• Extracted information:
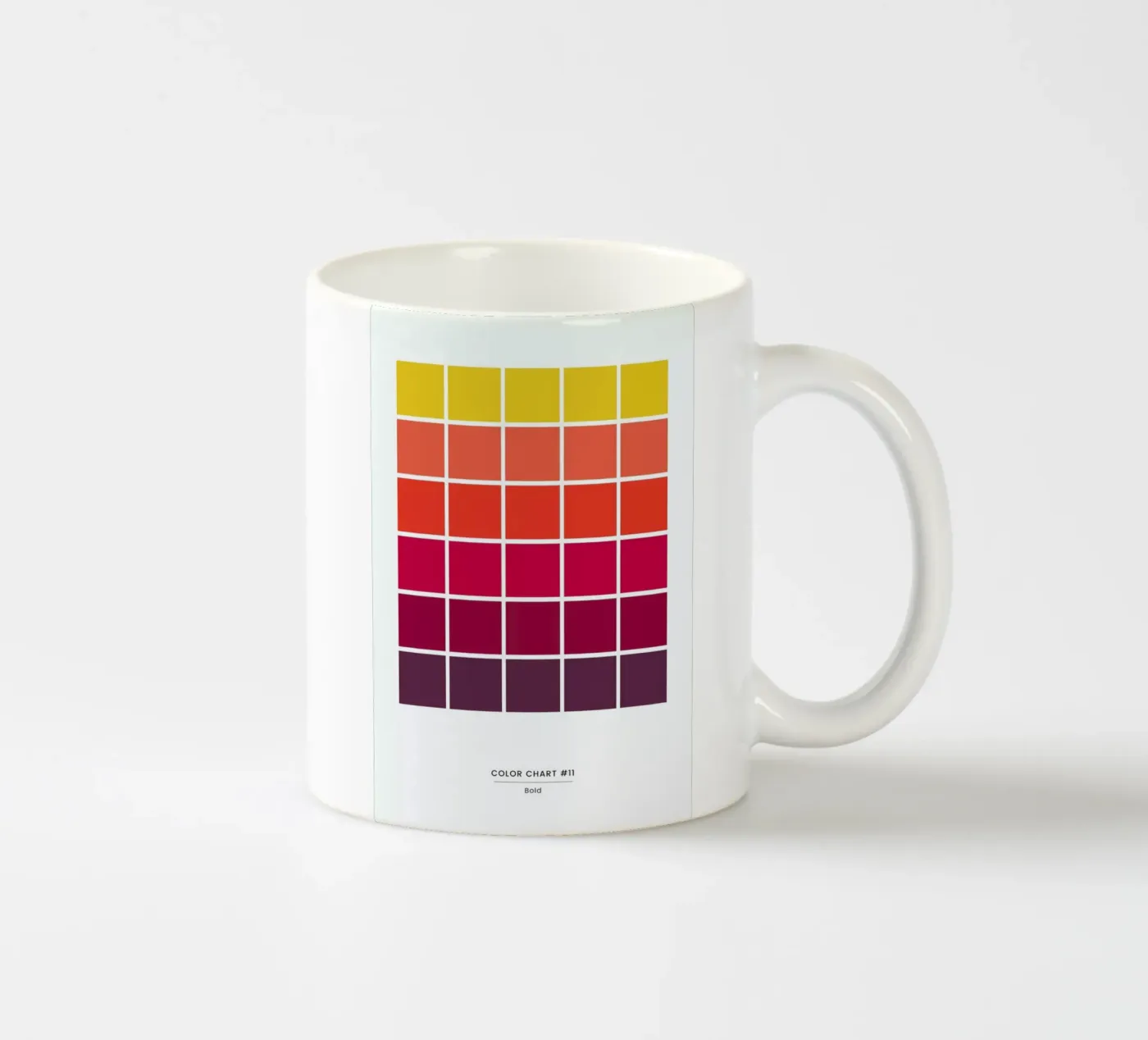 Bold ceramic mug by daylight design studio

...

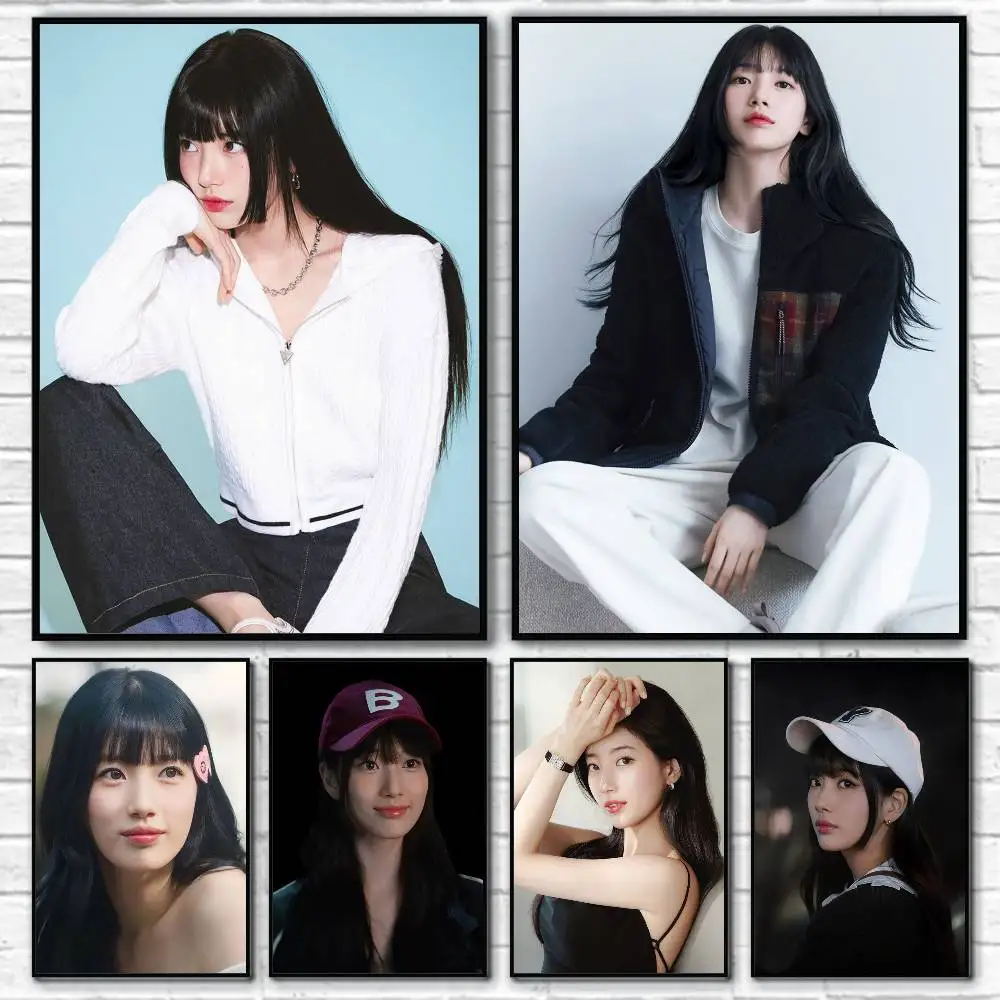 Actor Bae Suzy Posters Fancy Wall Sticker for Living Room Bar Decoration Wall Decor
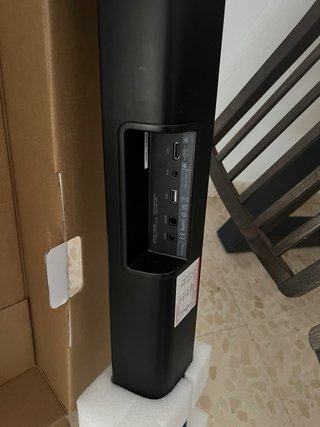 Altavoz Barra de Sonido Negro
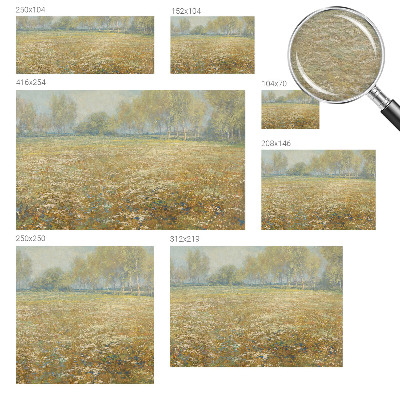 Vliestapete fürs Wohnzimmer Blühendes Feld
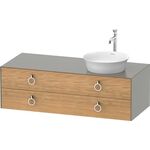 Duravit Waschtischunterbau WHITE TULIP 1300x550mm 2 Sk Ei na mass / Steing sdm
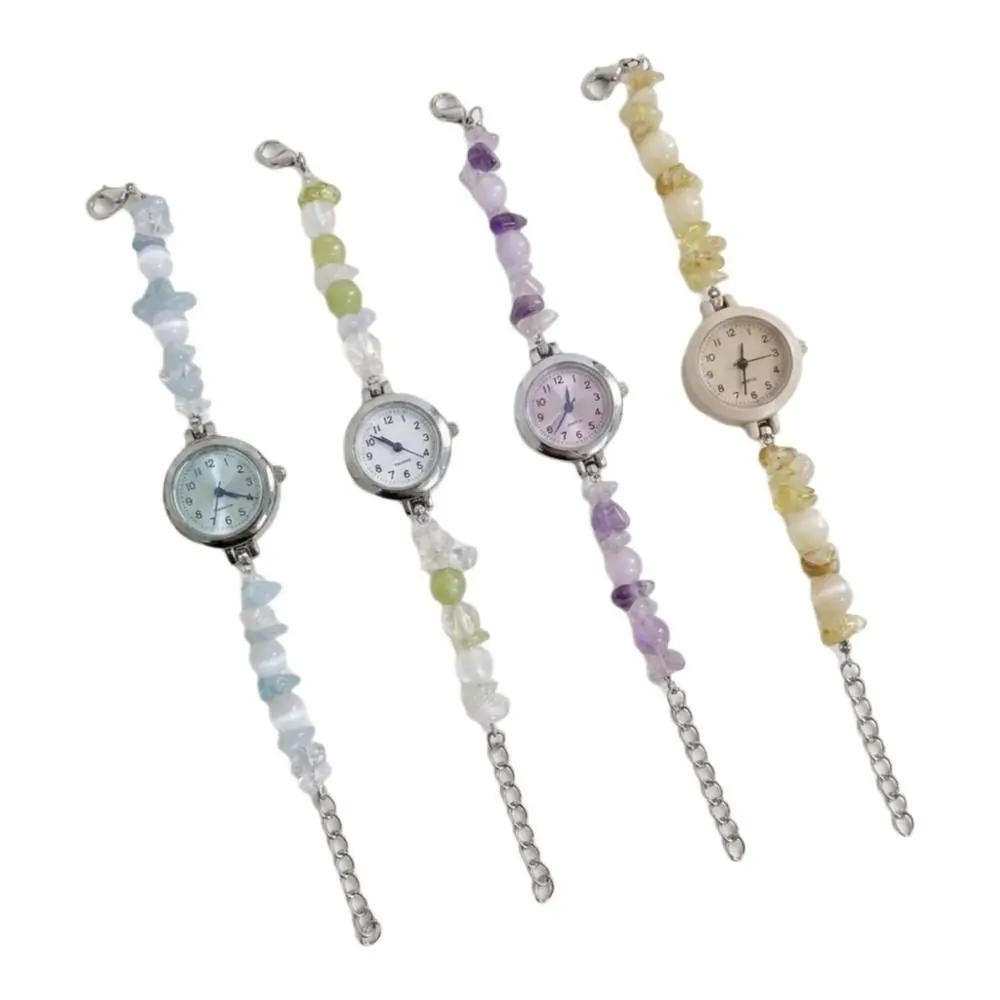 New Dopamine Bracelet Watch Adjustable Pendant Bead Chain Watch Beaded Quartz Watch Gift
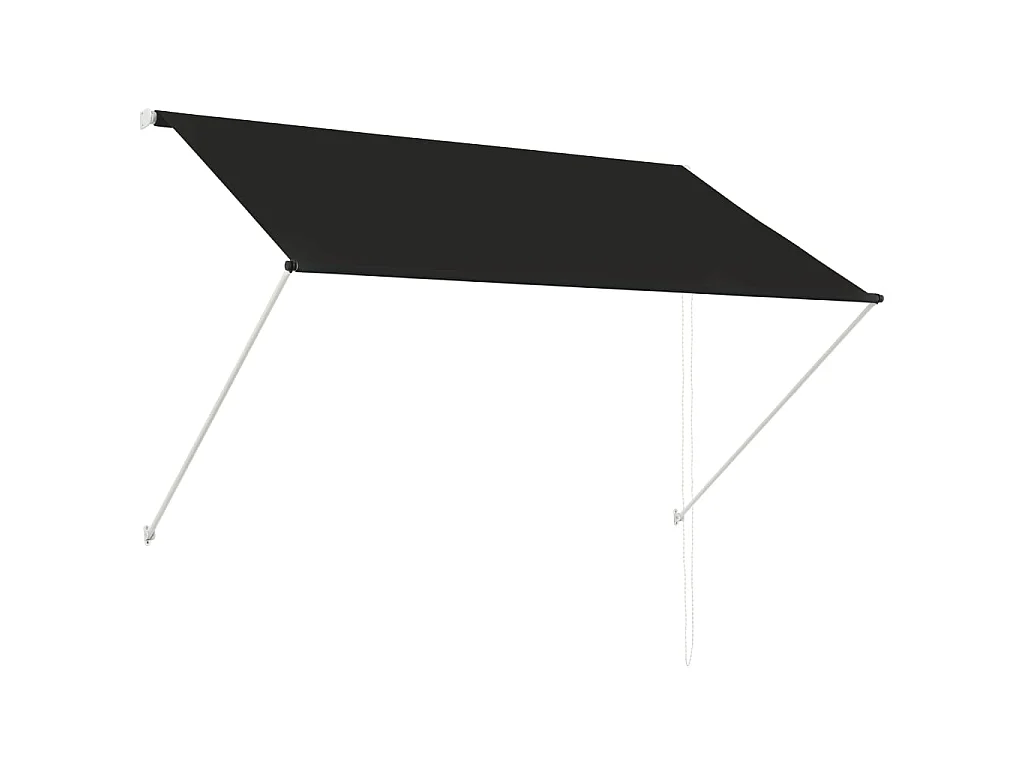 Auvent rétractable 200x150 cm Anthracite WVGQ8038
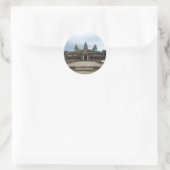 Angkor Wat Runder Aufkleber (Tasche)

• Work required: When you reach the line with "Auvent rétractable 200x150" in the records above, start writing out each line exactly, and stop after the line with "Angkor Wat Runder Aufkleber (Tasche)". Pictures stay out.

• Task output:
 Auvent rétractable 200x150 cm Anthracite WVGQ8038
 Angkor Wat Runder Aufkleber (Tasche)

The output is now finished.